### What you should do
Copy task for the material below: print the line with "B12 6000 + B15" and every line after it to the end, exactly as written, without the pictures.

### Records for the task
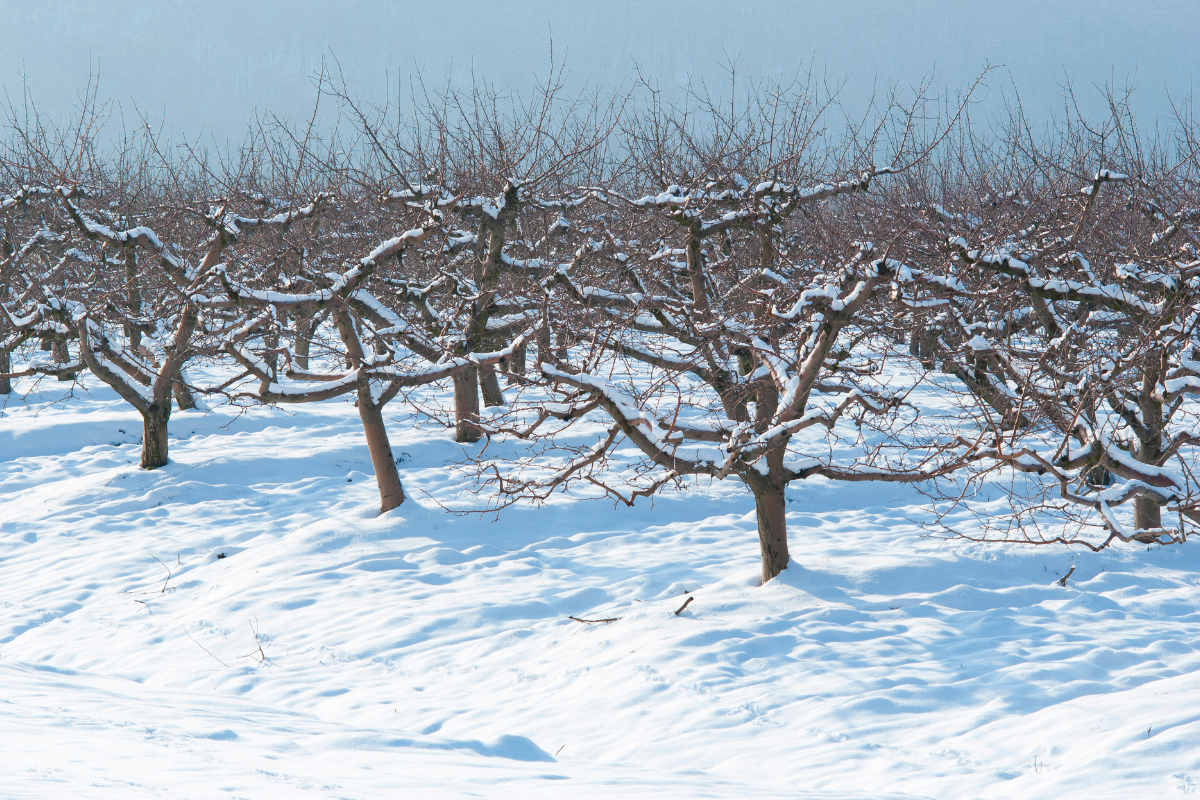 Drzewka owocowe w ogrodzie – jak zadbać o nie zimą?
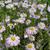 Erigeron 'Quakeress'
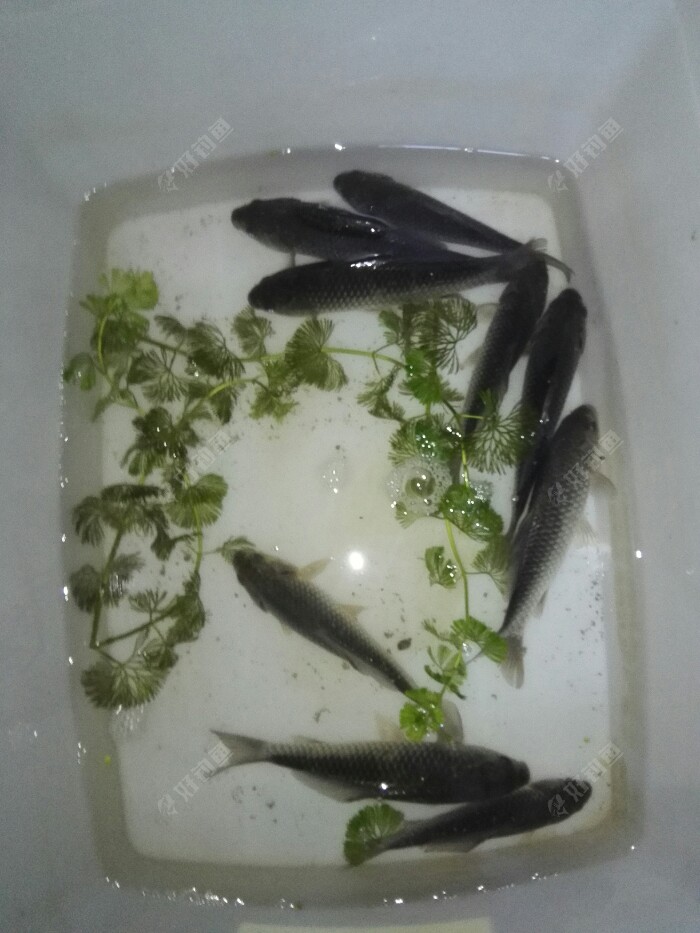试钓“扁草战”，大获手板鲫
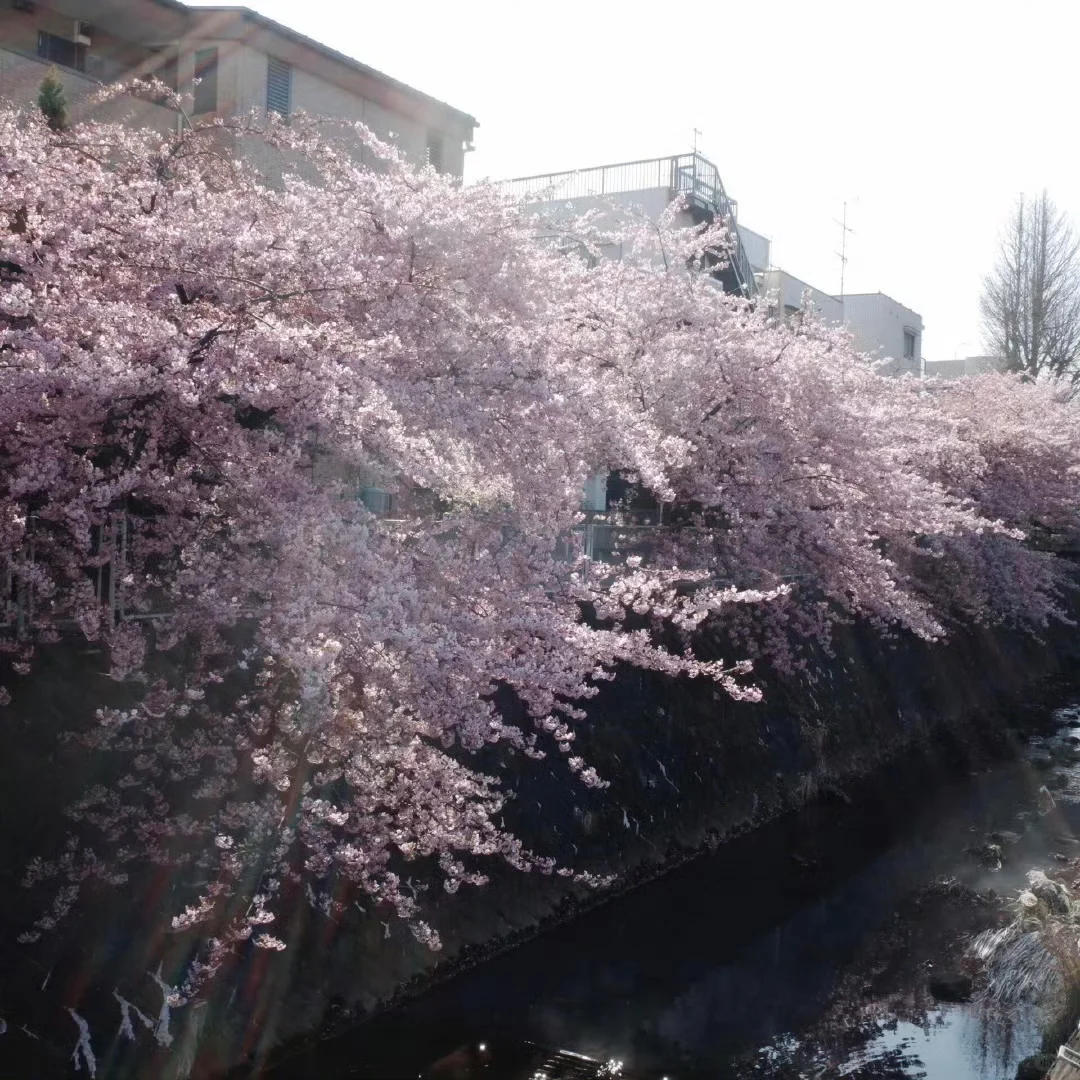 聊天背景 手机壁纸 朋友圈背景图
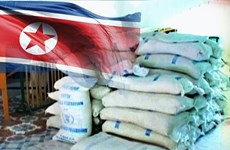 Le Vietnam aux côtés des victimes nord-coréens de catastrophes naturelles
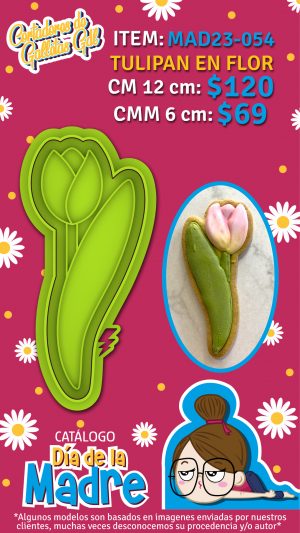 Tulipan en Flor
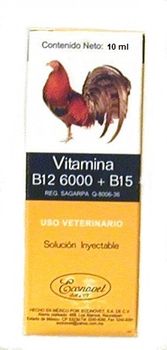 B12 6000 + B15  10ml inj.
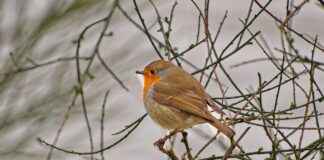 Ruby Red Trilogy Summary: Everything You Need to Know Before Watching Ruby Red Trilogy Summary: Everything You Need to Know Before Watching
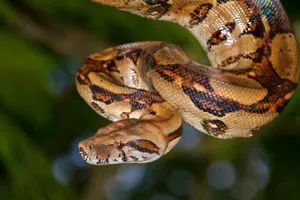 Boa Constrictorin Natural Habitat Wallpaper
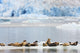 Harbor Seals Rest On An Iceberg With Dawes Glacier Wall Mural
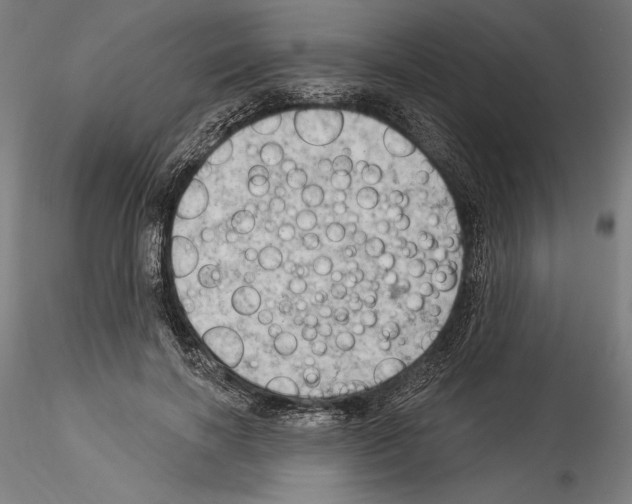 X0000114530646200911301139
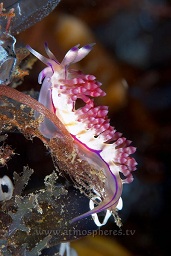 Red-lined flabellina nudibranch (flabellina rubrolineata) moving along the reef wall in search of food, Nudi falls, Lembeh strait, Celebes sea, Pacific Ocean, Sulawesi, Indonesia, Asia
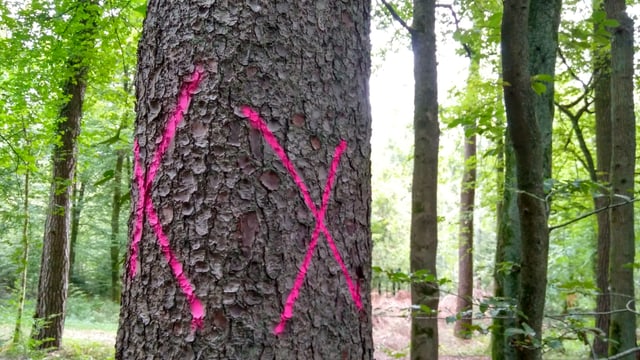 Baum mit roten Kreuzen auf Stamm.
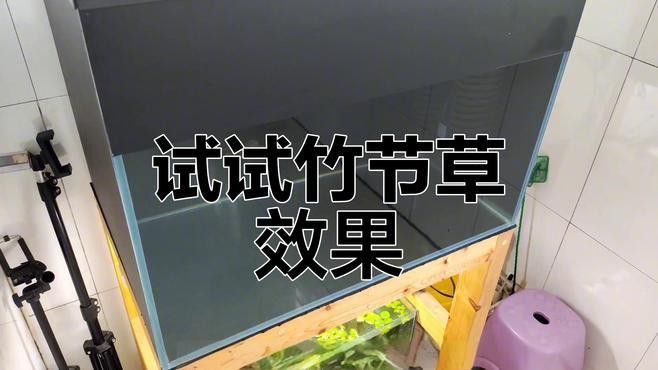 如何減少中草藥治療龍魚蒙眼的副作用？
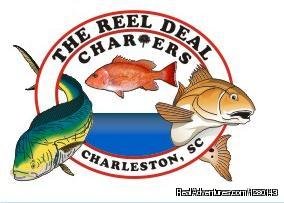 The Reel Deal Charters | Charleston, South Carolina | Eco Tours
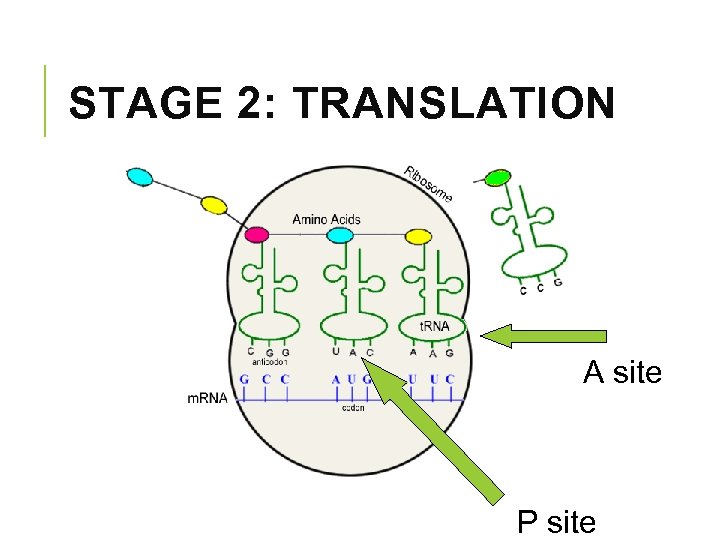 STAGE 2: TRANSLATION A site P site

### Result
 B12 6000 + B15  10ml inj.
 Ruby Red Trilogy Summary: Everything You Need to Know Before Watching Ruby Red Trilogy Summary: Everything You Need to Know Before Watching
 Boa Constrictorin Natural Habitat Wallpaper
 Harbor Seals Rest On An Iceberg With Dawes Glacier Wall Mural
 X0000114530646200911301139
 Red-lined flabellina nudibranch (flabellina rubrolineata) moving along the reef wall in search of food, Nudi falls, Lembeh strait, Celebes sea, Pacific Ocean, Sulawesi, Indonesia, Asia
 Baum mit roten Kreuzen auf Stamm.
 如何減少中草藥治療龍魚蒙眼的副作用？
 The Reel Deal Charters | Charleston, South Carolina | Eco Tours
 STAGE 2: TRANSLATION A site P site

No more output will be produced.